**Your goal**:
Reproduce the lines below exactly, from the one containing "pápát A IV." through the one containing "Thời gian hoàn tất các giao dịch cực nhanh", both included. Leave out any pictures.

**Record extracts**:

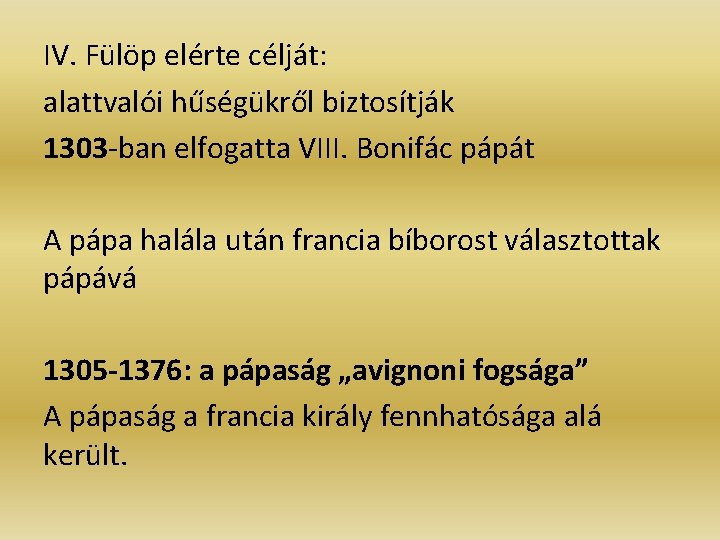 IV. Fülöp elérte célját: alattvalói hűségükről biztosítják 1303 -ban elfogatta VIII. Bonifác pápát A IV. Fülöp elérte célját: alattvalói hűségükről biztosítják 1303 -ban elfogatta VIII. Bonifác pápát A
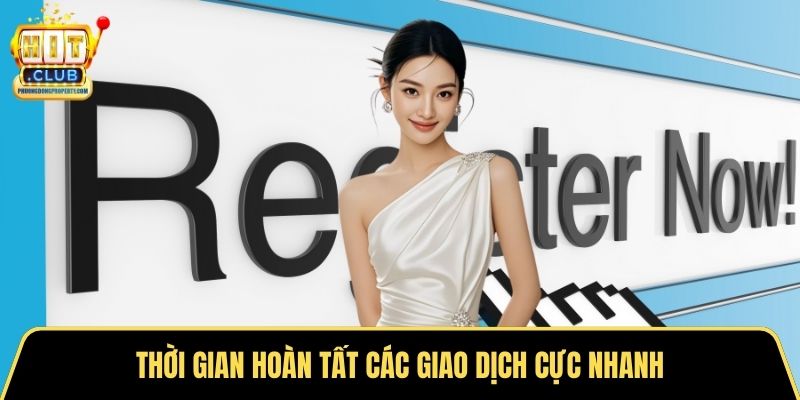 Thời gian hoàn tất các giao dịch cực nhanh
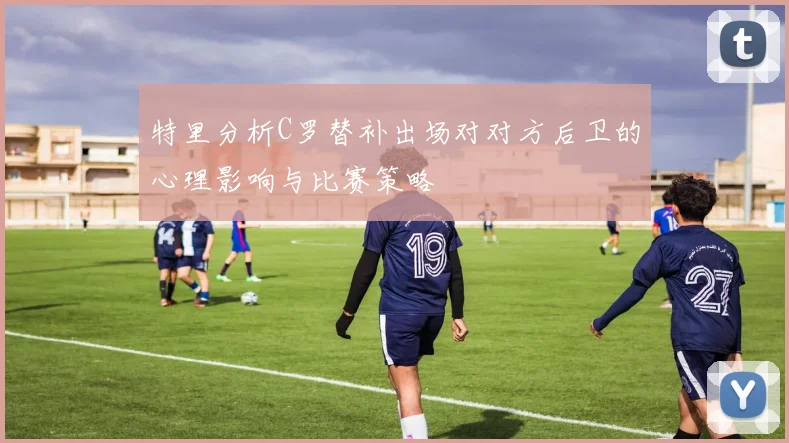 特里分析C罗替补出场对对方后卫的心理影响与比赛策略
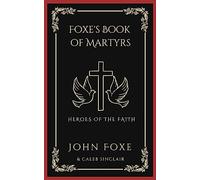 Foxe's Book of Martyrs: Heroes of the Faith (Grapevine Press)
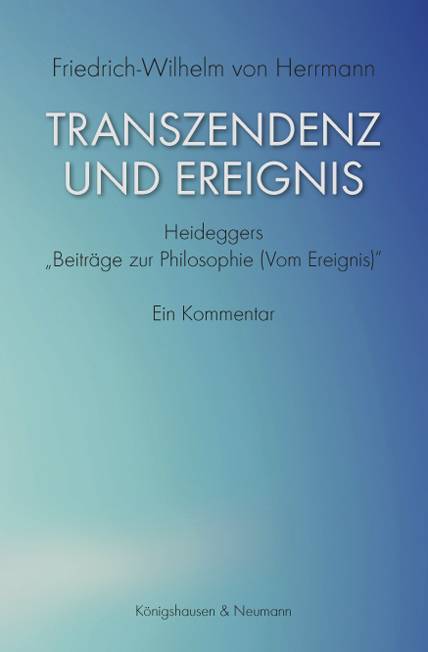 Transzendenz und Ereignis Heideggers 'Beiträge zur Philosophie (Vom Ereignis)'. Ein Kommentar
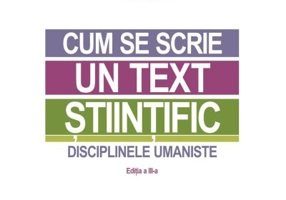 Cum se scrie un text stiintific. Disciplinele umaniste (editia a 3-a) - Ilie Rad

---

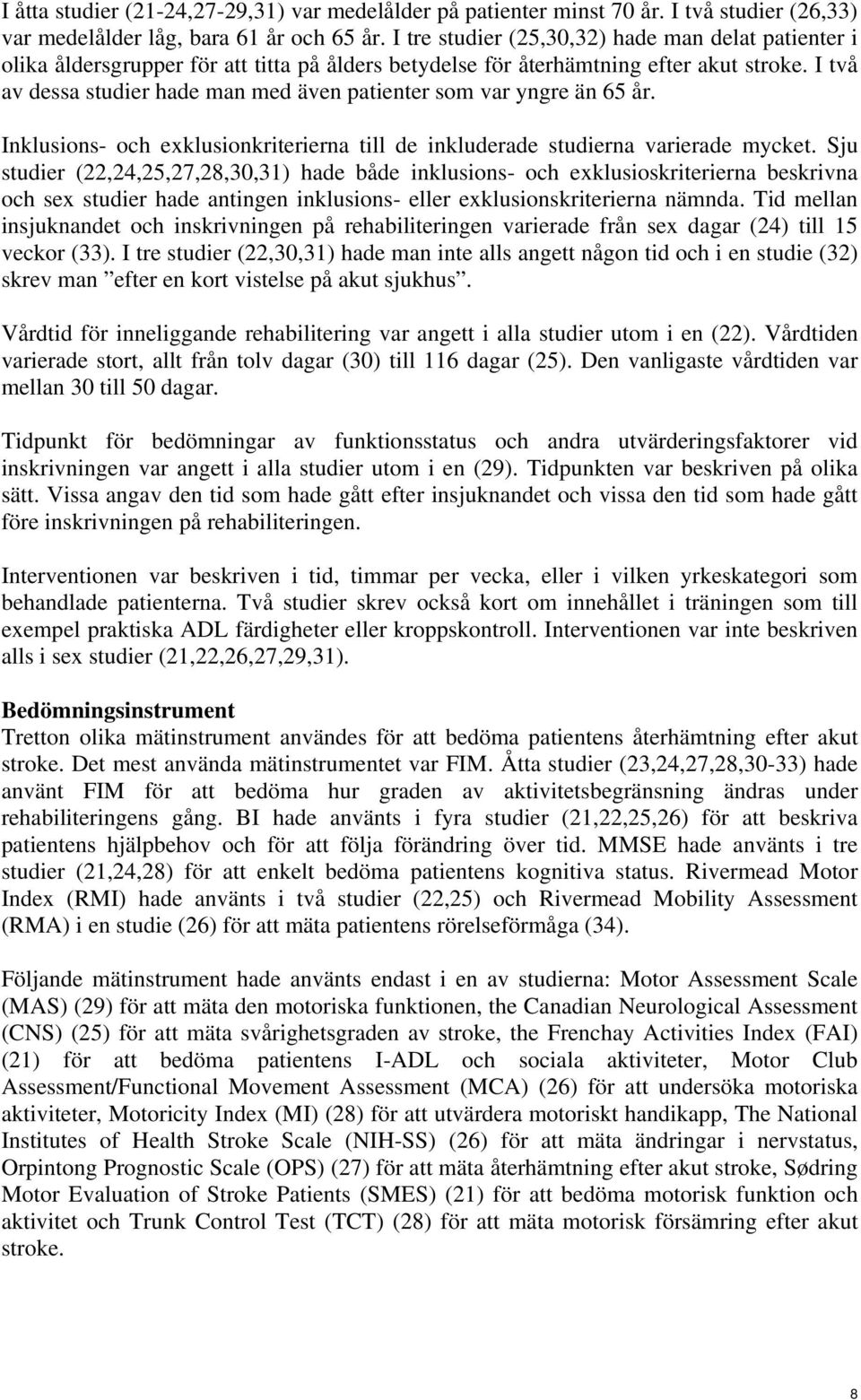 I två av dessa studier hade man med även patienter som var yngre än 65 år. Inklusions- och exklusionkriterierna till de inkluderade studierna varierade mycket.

---

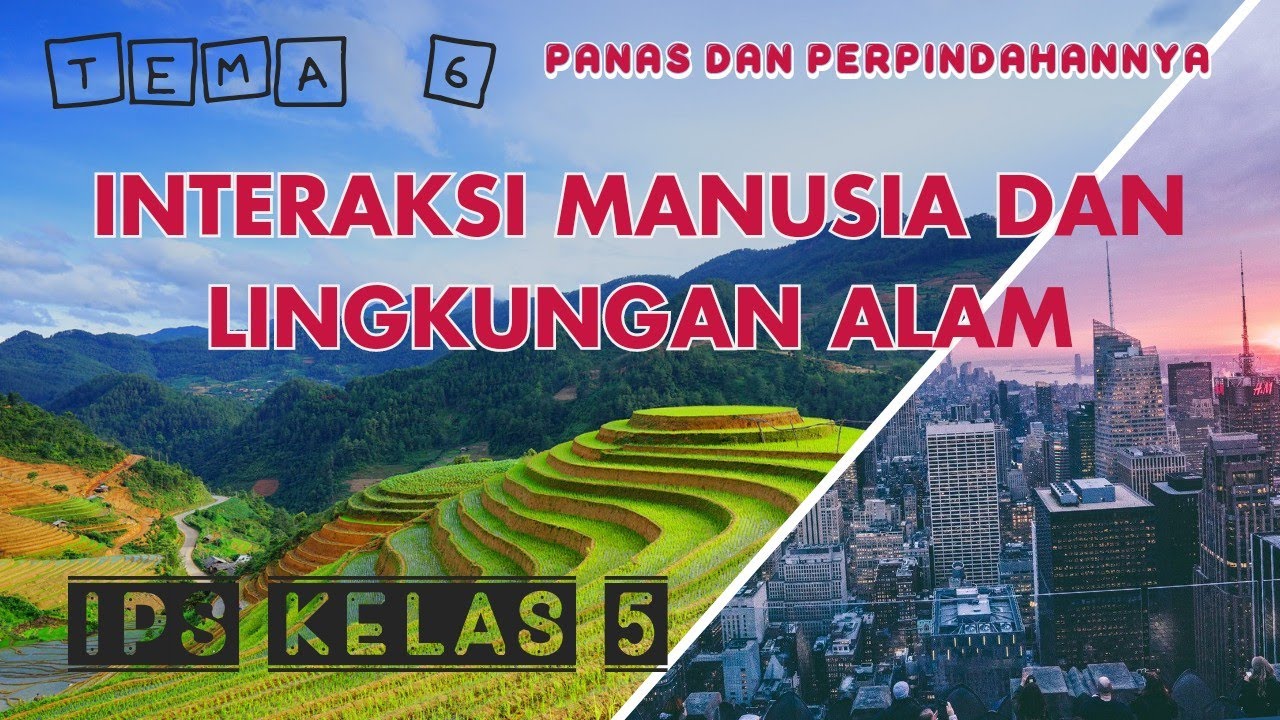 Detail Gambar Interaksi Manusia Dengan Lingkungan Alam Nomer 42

**Task result**:
 IV. Fülöp elérte célját: alattvalói hűségükről biztosítják 1303 -ban elfogatta VIII. Bonifác pápát A IV. Fülöp elérte célját: alattvalói hűségükről biztosítják 1303 -ban elfogatta VIII. Bonifác pápát A
 Thời gian hoàn tất các giao dịch cực nhanh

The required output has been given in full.